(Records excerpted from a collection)
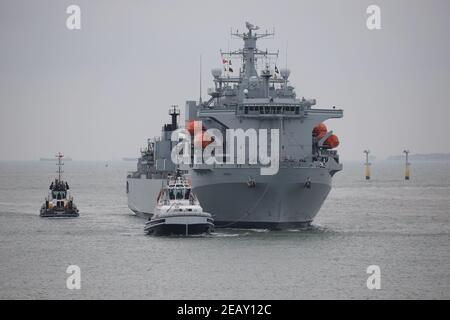 Tugs scortano la Royal Fleet Auxiliary nave ARGUS come esso Arriva alla base navale la mattina presto Foto Stock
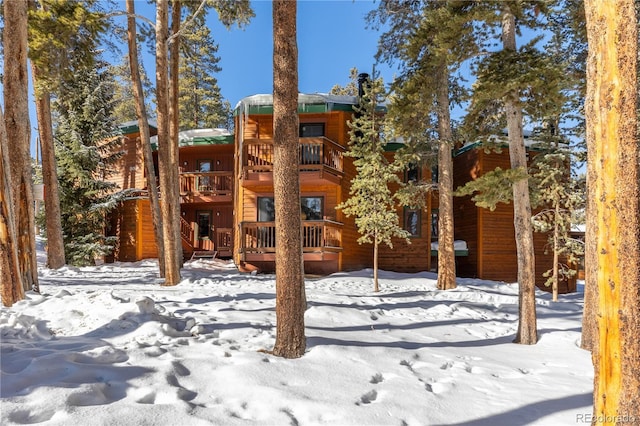 snow covered property with a balcony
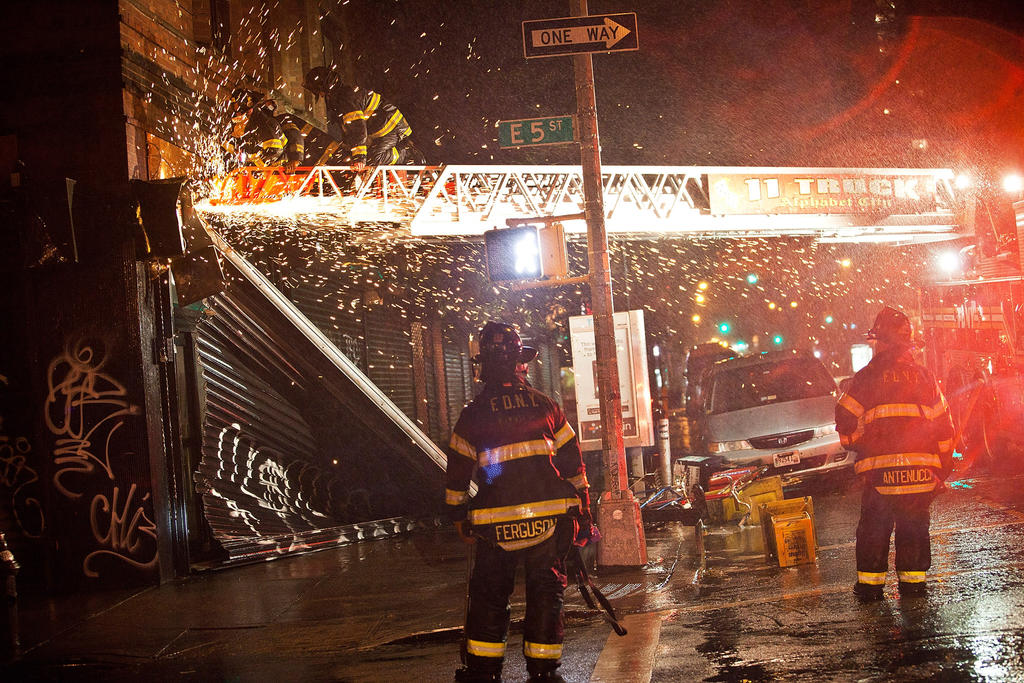 Firefighters use a saw in an attempt to remove a partially collapsed door due to Hurricane Sandy on October 29, 2012, in New York.
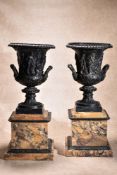 A pair of impressive bronze and marble mounted models of the Medici vase, circa 1875, with egg-and-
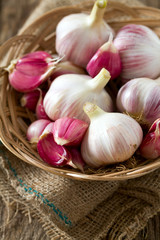 fresh garlic on wooden surface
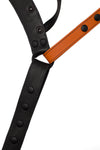 Flat view of front side of a black and orange leather jockstrap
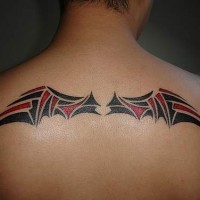 Black & red  wings tattoo in an interesting style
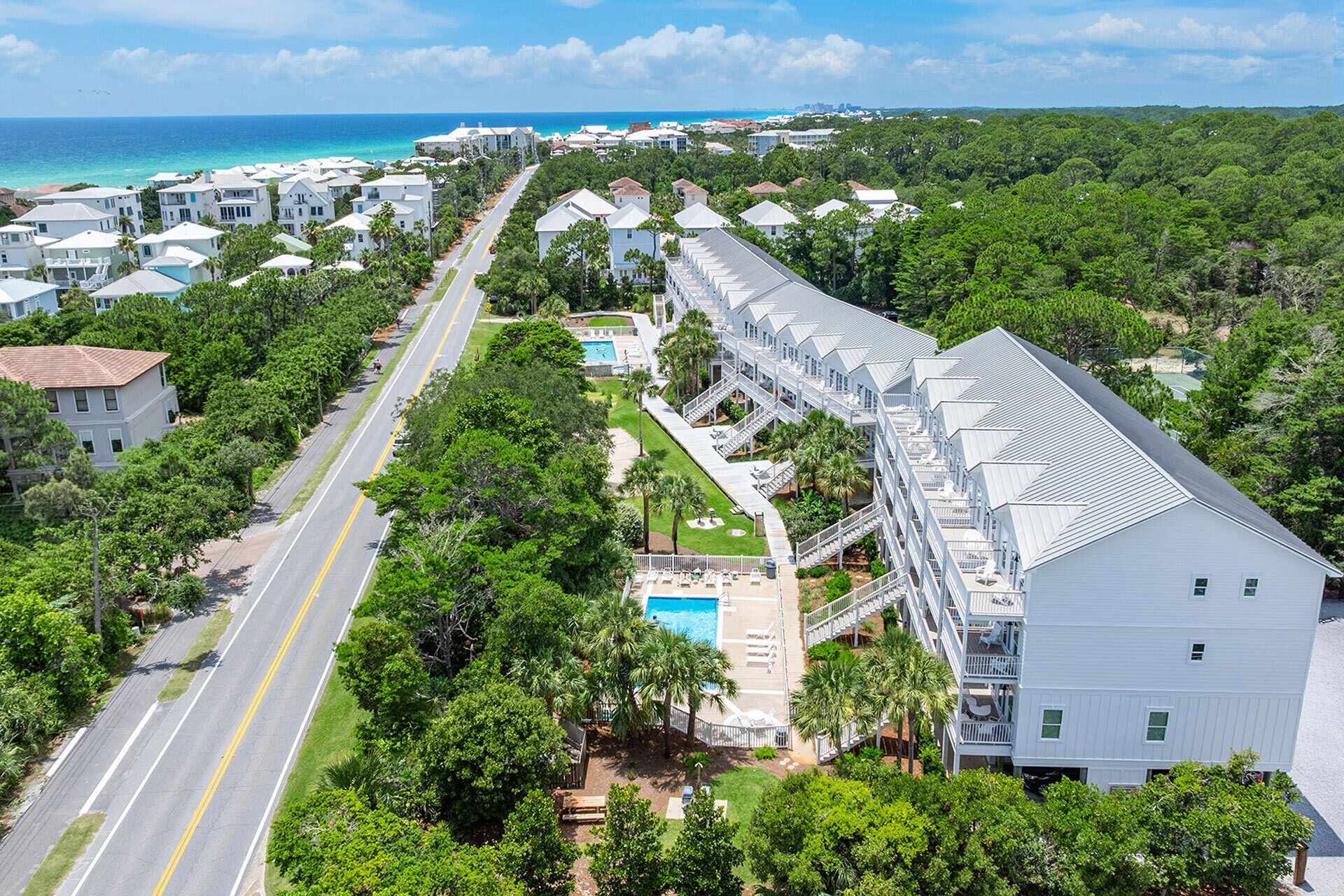 Un complexe hôtelier comprenant un long bâtiment, une piscine et une route menant à la plage.
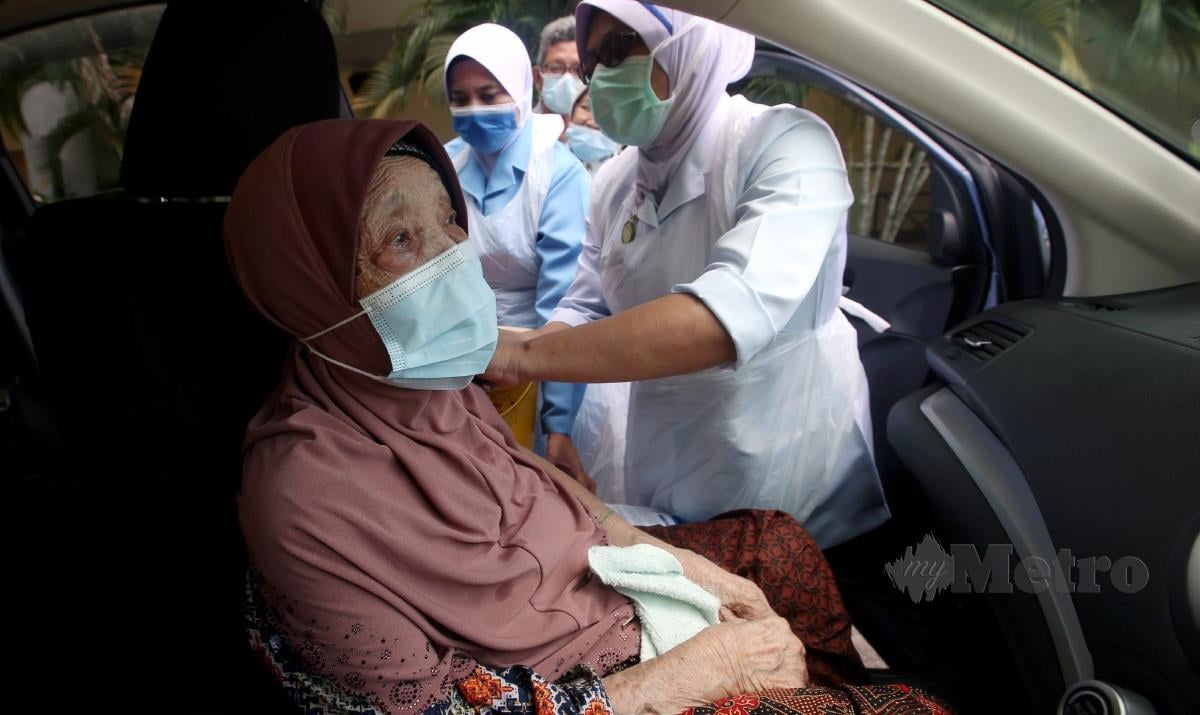 Warga emas Che Ah Taib yang  berusia 100 tahun menerima suntikan vaksin COVID-19 secara pandu lalu ketika hadir dibawa anak lelakinya, Salim Saad, 64, secara  'walk-in' di Pusat Pemberian Vaksin (PPV) Dewan Millenium di Kepala Batas. FOTO DANIAL SAAD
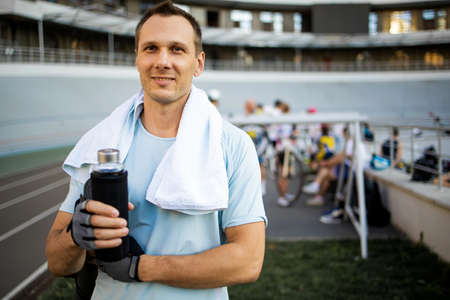 Portrait of a young man drinking some water from a bottle at the stadium and having a rest after a workout.の写真素材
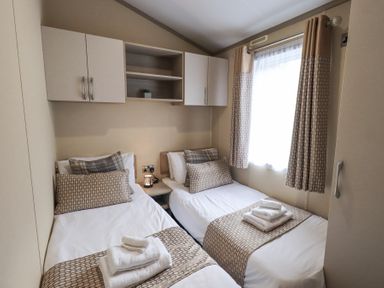 A bedroom with two single beds side by side with towels on each bed and a window with curtains at Windermere View Pony Meadow 37 White Cross Bay near Windermere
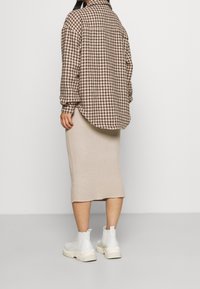 Hnědá a béžová košile s dlouhým rukávem ve vzoru houndstooth, zkombinovaná s béžovou žebrovanou midi sukni a bílými silnými kotníkovými botami.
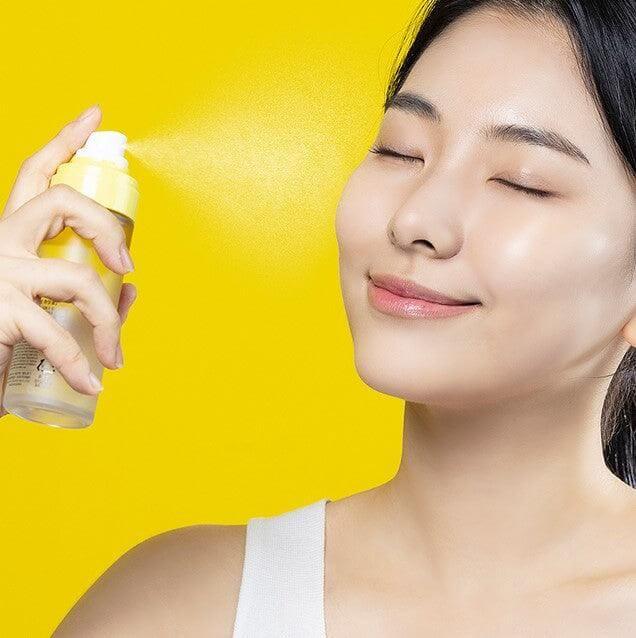 Woman using NATURE REPUBLIC Vitapair C Blending Serum Mist 80ml on her face against a yellow background.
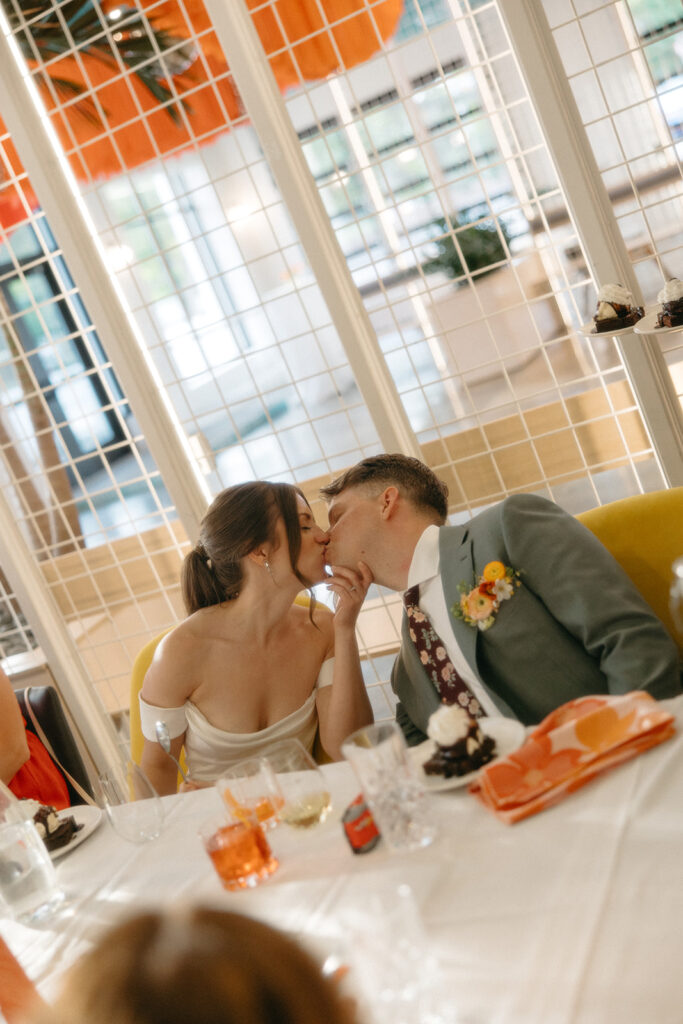 Bride and groom kissing during the reception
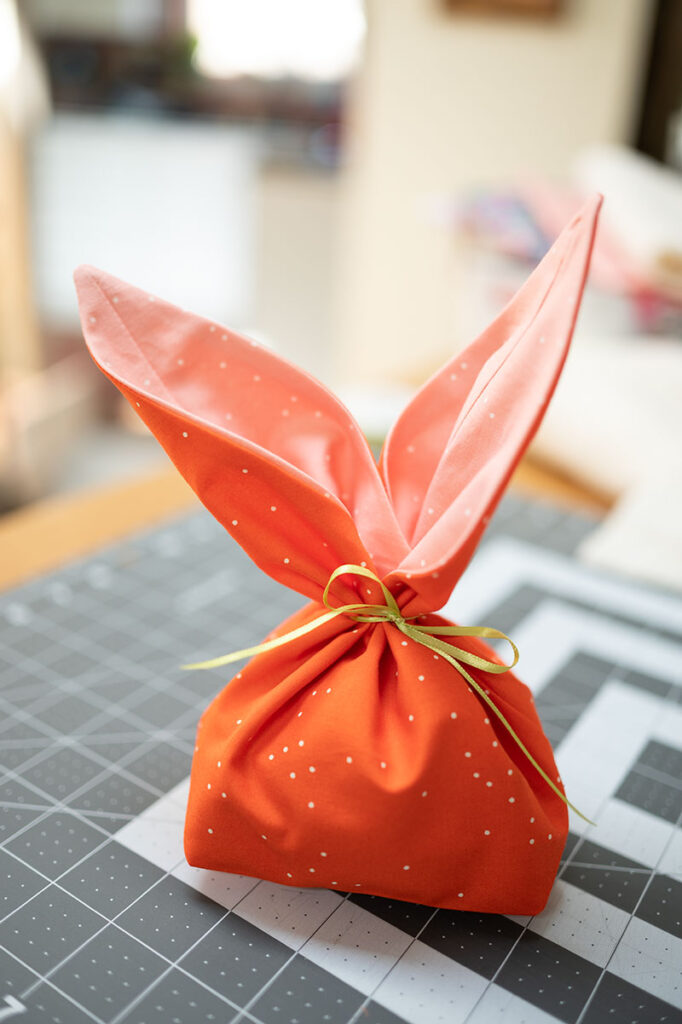 an orange bunny ear bag on a sewing table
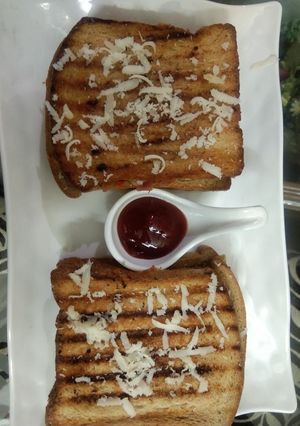 A picture of Three layered cheese grilled sandwich.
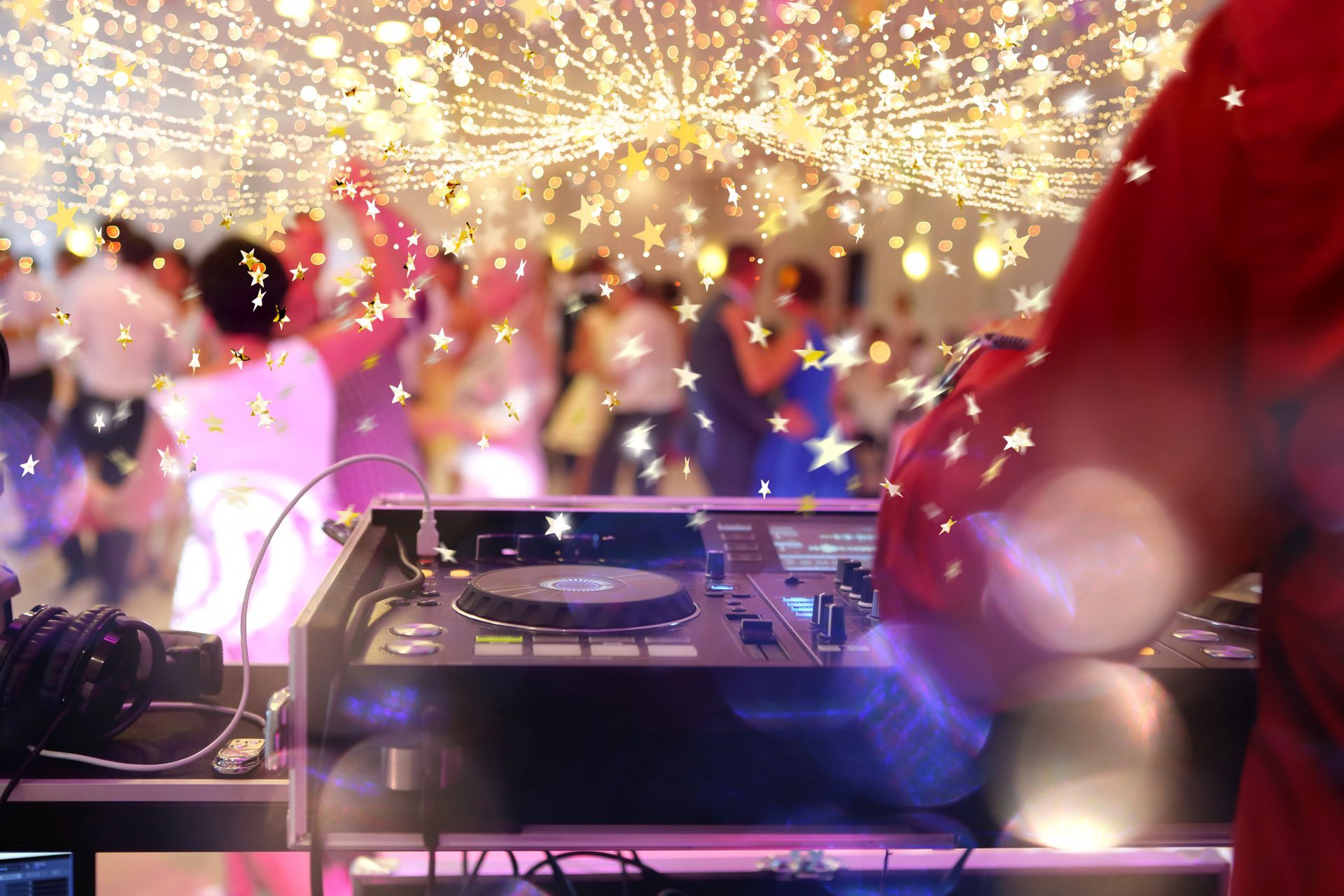 DJ at a dance party. People dancing with bright lights and a starry ceiling.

#### Your task:
Beginning with the line where "Bride and groom kissing during the reception" appears, transcribe the records above word for word through their last line, and include no pictures.

#### Exercise output:
 Bride and groom kissing during the reception
 an orange bunny ear bag on a sewing table
 A picture of Three layered cheese grilled sandwich.
 DJ at a dance party. People dancing with bright lights and a starry ceiling.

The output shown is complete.